→ **Aim of the task**: Beneath this instruction is a listing; print exactly the lines in it starting at the line that contains "Pendel para pantalla, lámpara" and going through the line that contains "Flynew Shilajit bottle with 60 capsules".

-=-=-

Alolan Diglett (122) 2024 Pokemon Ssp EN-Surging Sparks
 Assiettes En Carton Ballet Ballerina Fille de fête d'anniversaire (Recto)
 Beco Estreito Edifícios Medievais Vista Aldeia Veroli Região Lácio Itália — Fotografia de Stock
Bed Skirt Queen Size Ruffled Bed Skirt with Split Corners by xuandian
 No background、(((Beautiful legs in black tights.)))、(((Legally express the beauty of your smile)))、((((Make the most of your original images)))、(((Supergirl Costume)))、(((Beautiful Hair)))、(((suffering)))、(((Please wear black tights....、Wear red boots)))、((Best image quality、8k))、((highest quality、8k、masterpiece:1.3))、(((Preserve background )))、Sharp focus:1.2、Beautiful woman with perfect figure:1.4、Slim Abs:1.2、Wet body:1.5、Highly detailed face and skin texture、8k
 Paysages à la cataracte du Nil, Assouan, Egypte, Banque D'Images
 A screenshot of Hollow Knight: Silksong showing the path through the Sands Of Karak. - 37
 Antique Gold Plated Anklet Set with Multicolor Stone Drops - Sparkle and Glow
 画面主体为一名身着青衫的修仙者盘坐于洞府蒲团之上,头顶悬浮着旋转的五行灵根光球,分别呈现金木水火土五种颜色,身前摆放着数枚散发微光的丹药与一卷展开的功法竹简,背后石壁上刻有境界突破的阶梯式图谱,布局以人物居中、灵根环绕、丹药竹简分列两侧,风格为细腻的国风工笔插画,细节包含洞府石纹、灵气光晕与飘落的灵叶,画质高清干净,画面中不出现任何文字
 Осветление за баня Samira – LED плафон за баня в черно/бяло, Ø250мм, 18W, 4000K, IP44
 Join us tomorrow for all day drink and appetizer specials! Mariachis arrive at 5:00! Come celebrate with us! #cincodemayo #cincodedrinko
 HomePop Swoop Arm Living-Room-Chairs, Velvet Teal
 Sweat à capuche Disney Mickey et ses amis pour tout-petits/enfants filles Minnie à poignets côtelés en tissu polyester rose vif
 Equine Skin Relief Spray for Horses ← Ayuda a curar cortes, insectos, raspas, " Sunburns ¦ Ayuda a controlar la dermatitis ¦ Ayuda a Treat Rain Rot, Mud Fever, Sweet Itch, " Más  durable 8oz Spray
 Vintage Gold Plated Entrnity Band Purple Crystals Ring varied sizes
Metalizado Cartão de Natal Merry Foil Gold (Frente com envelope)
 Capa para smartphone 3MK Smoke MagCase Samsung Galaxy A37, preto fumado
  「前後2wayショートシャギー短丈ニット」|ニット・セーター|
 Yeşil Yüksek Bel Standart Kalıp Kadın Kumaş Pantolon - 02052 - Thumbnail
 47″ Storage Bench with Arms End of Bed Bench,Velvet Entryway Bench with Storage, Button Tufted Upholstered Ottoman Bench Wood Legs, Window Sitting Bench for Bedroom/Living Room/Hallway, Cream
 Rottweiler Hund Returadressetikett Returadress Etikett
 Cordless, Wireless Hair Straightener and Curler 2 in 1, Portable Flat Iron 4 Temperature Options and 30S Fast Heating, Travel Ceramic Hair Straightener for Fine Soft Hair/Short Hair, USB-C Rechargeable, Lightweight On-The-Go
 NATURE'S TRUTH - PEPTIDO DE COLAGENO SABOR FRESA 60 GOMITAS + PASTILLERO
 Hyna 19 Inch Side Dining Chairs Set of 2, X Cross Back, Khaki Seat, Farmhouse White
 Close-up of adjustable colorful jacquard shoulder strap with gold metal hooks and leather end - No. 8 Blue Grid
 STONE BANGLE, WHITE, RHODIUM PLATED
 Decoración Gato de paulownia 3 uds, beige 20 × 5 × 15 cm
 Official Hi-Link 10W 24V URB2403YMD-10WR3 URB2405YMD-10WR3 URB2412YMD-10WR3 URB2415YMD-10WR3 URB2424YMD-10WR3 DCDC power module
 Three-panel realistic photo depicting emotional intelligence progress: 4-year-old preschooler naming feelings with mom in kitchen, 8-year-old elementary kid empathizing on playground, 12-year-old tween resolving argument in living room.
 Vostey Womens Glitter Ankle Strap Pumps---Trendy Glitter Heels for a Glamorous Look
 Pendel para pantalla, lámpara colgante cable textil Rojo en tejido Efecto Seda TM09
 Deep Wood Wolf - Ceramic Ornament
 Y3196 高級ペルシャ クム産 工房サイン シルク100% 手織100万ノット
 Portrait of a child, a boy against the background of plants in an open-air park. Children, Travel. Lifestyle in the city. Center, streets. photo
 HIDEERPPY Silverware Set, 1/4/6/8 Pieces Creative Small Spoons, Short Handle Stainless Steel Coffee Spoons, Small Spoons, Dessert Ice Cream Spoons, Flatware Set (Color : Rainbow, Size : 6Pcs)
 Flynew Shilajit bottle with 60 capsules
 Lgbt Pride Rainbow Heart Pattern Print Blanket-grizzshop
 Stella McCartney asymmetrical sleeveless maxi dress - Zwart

-=-=-

→ **Solved exercise**:
 Pendel para pantalla, lámpara colgante cable textil Rojo en tejido Efecto Seda TM09
 Deep Wood Wolf - Ceramic Ornament
 Y3196 高級ペルシャ クム産 工房サイン シルク100% 手織100万ノット
 Portrait of a child, a boy against the background of plants in an open-air park. Children, Travel. Lifestyle in the city. Center, streets. photo
 HIDEERPPY Silverware Set, 1/4/6/8 Pieces Creative Small Spoons, Short Handle Stainless Steel Coffee Spoons, Small Spoons, Dessert Ice Cream Spoons, Flatware Set (Color : Rainbow, Size : 6Pcs)
 Flynew Shilajit bottle with 60 capsules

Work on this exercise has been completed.